• [WHAT THE EXERCISE ASKS] Retype each record exactly, please. Skip none.

Records from a data collection:
BEGIN
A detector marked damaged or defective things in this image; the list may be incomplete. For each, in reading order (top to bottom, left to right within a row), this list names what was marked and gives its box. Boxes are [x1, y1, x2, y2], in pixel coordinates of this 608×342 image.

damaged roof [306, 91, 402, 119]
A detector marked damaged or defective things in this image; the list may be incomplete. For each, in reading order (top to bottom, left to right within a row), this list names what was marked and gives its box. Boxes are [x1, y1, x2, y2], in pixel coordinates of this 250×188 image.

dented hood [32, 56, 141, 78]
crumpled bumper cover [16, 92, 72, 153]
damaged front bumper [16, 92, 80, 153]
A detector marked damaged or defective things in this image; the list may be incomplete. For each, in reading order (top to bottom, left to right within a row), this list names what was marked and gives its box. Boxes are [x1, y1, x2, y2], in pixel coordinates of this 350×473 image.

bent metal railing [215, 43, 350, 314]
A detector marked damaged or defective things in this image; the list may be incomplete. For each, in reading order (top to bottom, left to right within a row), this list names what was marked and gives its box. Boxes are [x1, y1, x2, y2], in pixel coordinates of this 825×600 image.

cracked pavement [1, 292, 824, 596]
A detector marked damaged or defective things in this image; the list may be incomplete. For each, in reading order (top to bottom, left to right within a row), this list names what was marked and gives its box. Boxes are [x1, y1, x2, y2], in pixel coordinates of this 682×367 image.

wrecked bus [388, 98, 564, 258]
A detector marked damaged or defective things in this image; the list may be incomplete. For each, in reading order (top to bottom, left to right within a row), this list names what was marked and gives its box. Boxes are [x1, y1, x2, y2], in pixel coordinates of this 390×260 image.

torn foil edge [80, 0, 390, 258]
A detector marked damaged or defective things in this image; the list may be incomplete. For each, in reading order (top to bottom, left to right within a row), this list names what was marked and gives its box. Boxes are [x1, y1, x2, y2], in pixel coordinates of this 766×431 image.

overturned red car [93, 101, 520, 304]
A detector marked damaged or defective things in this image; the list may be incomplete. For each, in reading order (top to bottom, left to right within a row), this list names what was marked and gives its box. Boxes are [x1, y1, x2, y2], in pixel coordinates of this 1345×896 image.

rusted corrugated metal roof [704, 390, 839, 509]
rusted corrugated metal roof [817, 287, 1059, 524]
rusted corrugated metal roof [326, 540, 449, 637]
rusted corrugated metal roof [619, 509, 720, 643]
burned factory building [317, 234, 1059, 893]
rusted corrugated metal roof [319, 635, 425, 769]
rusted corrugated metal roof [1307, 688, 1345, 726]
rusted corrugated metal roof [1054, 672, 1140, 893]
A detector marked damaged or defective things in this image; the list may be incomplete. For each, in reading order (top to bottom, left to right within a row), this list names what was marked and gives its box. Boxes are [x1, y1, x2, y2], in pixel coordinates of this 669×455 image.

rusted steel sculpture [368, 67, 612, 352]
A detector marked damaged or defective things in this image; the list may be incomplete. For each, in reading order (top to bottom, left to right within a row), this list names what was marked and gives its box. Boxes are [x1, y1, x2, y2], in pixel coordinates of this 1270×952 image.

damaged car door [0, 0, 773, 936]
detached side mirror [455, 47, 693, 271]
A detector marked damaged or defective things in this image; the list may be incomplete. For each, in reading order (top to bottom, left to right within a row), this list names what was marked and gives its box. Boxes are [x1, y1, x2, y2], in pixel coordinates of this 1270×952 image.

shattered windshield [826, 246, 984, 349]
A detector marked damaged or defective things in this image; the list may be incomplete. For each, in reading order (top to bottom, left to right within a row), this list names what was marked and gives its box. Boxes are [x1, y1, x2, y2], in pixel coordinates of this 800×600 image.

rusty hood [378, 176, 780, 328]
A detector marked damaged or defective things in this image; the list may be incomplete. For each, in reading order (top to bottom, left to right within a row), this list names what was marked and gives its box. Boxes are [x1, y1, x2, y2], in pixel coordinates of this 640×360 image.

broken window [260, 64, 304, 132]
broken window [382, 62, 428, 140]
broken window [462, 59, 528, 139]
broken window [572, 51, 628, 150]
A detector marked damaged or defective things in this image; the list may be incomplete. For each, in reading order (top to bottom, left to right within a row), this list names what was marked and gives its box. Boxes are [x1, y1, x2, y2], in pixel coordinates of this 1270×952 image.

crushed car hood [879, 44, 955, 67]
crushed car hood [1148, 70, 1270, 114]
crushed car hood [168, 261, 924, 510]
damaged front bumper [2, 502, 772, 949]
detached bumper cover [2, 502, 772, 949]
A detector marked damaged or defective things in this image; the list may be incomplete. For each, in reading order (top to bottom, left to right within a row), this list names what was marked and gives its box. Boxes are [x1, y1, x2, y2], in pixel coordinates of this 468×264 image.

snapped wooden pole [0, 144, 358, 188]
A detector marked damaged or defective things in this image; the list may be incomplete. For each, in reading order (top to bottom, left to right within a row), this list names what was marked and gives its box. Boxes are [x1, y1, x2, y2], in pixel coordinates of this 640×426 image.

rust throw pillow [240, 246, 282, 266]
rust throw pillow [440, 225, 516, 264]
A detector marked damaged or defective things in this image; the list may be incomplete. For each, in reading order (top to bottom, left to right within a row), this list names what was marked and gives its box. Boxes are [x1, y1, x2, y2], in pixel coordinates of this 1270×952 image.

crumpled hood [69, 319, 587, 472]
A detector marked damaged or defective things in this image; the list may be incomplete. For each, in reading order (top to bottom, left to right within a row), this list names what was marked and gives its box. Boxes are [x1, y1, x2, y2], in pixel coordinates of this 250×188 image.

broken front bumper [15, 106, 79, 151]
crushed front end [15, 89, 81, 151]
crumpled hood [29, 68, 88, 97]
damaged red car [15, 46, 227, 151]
END
• [ANSWER TO THIS TASK]
A detector marked damaged or defective things in this image; the list may be incomplete. For each, in reading order (top to bottom, left to right within a row), this list names what was marked and gives its box. Boxes are [x1, y1, x2, y2], in pixel coordinates of this 608×342 image.

damaged roof [306, 91, 402, 119]
A detector marked damaged or defective things in this image; the list may be incomplete. For each, in reading order (top to bottom, left to right within a row), this list names what was marked and gives its box. Boxes are [x1, y1, x2, y2], in pixel coordinates of this 250×188 image.

dented hood [32, 56, 141, 78]
crumpled bumper cover [16, 92, 72, 153]
damaged front bumper [16, 92, 80, 153]
A detector marked damaged or defective things in this image; the list may be incomplete. For each, in reading order (top to bottom, left to right within a row), this list names what was marked and gives its box. Boxes are [x1, y1, x2, y2], in pixel coordinates of this 350×473 image.

bent metal railing [215, 43, 350, 314]
A detector marked damaged or defective things in this image; the list may be incomplete. For each, in reading order (top to bottom, left to right within a row), this list names what was marked and gives its box. Boxes are [x1, y1, x2, y2], in pixel coordinates of this 825×600 image.

cracked pavement [1, 292, 824, 596]
A detector marked damaged or defective things in this image; the list may be incomplete. For each, in reading order (top to bottom, left to right within a row), this list names what was marked and gives its box. Boxes are [x1, y1, x2, y2], in pixel coordinates of this 682×367 image.

wrecked bus [388, 98, 564, 258]
A detector marked damaged or defective things in this image; the list may be incomplete. For each, in reading order (top to bottom, left to right within a row), this list names what was marked and gives its box. Boxes are [x1, y1, x2, y2], in pixel coordinates of this 390×260 image.

torn foil edge [80, 0, 390, 258]
A detector marked damaged or defective things in this image; the list may be incomplete. For each, in reading order (top to bottom, left to right within a row), this list names what was marked and gives its box. Boxes are [x1, y1, x2, y2], in pixel coordinates of this 766×431 image.

overturned red car [93, 101, 520, 304]
A detector marked damaged or defective things in this image; the list may be incomplete. For each, in reading order (top to bottom, left to right within a row), this list names what was marked and gives its box. Boxes are [x1, y1, x2, y2], in pixel coordinates of this 1345×896 image.

rusted corrugated metal roof [704, 390, 839, 509]
rusted corrugated metal roof [817, 287, 1059, 524]
rusted corrugated metal roof [326, 540, 449, 637]
rusted corrugated metal roof [619, 509, 720, 643]
burned factory building [317, 234, 1059, 893]
rusted corrugated metal roof [319, 635, 425, 769]
rusted corrugated metal roof [1307, 688, 1345, 726]
rusted corrugated metal roof [1054, 672, 1140, 893]
A detector marked damaged or defective things in this image; the list may be incomplete. For each, in reading order (top to bottom, left to right within a row), this list names what was marked and gives its box. Boxes are [x1, y1, x2, y2], in pixel coordinates of this 669×455 image.

rusted steel sculpture [368, 67, 612, 352]
A detector marked damaged or defective things in this image; the list may be incomplete. For each, in reading order (top to bottom, left to right within a row), this list names what was marked and gives its box. Boxes are [x1, y1, x2, y2], in pixel coordinates of this 1270×952 image.

damaged car door [0, 0, 773, 936]
detached side mirror [455, 47, 693, 271]
A detector marked damaged or defective things in this image; the list may be incomplete. For each, in reading order (top to bottom, left to right within a row), this list names what was marked and gives its box. Boxes are [x1, y1, x2, y2], in pixel coordinates of this 1270×952 image.

shattered windshield [826, 246, 984, 349]
A detector marked damaged or defective things in this image; the list may be incomplete. For each, in reading order (top to bottom, left to right within a row), this list names what was marked and gives its box. Boxes are [x1, y1, x2, y2], in pixel coordinates of this 800×600 image.

rusty hood [378, 176, 780, 328]
A detector marked damaged or defective things in this image; the list may be incomplete. For each, in reading order (top to bottom, left to right within a row), this list names what was marked and gives its box. Boxes are [x1, y1, x2, y2], in pixel coordinates of this 640×360 image.

broken window [260, 64, 304, 132]
broken window [382, 62, 428, 140]
broken window [462, 59, 528, 139]
broken window [572, 51, 628, 150]
A detector marked damaged or defective things in this image; the list may be incomplete. For each, in reading order (top to bottom, left to right within a row), this list names what was marked and gives its box. Boxes are [x1, y1, x2, y2], in pixel coordinates of this 1270×952 image.

crushed car hood [879, 44, 955, 67]
crushed car hood [1148, 70, 1270, 114]
crushed car hood [168, 261, 924, 510]
damaged front bumper [2, 502, 772, 949]
detached bumper cover [2, 502, 772, 949]
A detector marked damaged or defective things in this image; the list may be incomplete. For each, in reading order (top to bottom, left to right within a row), this list names what was marked and gives its box. Boxes are [x1, y1, x2, y2], in pixel coordinates of this 468×264 image.

snapped wooden pole [0, 144, 358, 188]
A detector marked damaged or defective things in this image; the list may be incomplete. For each, in reading order (top to bottom, left to right within a row), this list names what was marked and gives its box. Boxes are [x1, y1, x2, y2], in pixel coordinates of this 640×426 image.

rust throw pillow [240, 246, 282, 266]
rust throw pillow [440, 225, 516, 264]
A detector marked damaged or defective things in this image; the list may be incomplete. For each, in reading order (top to bottom, left to right within a row), this list names what was marked and gives its box. Boxes are [x1, y1, x2, y2], in pixel coordinates of this 1270×952 image.

crumpled hood [69, 319, 587, 472]
A detector marked damaged or defective things in this image; the list may be incomplete. For each, in reading order (top to bottom, left to right within a row), this list names what was marked and gives its box. Boxes are [x1, y1, x2, y2], in pixel coordinates of this 250×188 image.

broken front bumper [15, 106, 79, 151]
crushed front end [15, 89, 81, 151]
crumpled hood [29, 68, 88, 97]
damaged red car [15, 46, 227, 151]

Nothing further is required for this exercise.